→ Directions for this task: Since only part of the records is wanted, repeat exactly the lines from the one containing "Soldado Milhões" through the last line, both included.

(Records from a dataset)
-*-

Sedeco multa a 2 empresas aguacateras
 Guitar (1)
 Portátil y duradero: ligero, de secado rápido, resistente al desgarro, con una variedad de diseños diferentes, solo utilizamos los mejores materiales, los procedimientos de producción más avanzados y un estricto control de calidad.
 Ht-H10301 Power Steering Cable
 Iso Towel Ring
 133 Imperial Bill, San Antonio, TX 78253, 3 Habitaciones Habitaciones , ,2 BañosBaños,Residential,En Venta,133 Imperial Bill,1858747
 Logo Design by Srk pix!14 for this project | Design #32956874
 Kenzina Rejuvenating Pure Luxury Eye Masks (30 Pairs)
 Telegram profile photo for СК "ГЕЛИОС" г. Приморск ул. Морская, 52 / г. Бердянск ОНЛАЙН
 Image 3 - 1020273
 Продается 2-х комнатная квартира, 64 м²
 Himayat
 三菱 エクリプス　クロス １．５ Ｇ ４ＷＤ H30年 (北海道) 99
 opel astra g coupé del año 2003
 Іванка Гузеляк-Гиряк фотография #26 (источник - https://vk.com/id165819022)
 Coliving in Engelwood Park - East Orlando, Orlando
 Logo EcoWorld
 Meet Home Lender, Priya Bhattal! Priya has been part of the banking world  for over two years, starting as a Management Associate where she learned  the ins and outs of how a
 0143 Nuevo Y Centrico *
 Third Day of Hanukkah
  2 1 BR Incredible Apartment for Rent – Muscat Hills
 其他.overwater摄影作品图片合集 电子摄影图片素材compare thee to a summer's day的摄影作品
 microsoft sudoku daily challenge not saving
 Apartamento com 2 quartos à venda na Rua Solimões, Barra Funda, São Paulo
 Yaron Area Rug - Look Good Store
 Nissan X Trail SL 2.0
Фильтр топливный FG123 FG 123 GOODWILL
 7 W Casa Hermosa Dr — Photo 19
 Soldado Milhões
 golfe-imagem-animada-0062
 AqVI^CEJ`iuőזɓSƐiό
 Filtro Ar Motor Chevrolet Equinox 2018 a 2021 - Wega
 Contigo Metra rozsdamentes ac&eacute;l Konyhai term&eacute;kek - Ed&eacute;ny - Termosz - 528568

-*-

→ Task solution:
 Soldado Milhões
 golfe-imagem-animada-0062
 AqVI^CEJ`iuőזɓSƐiό
 Filtro Ar Motor Chevrolet Equinox 2018 a 2021 - Wega
 Contigo Metra rozsdamentes ac&eacute;l Konyhai term&eacute;kek - Ed&eacute;ny - Termosz - 528568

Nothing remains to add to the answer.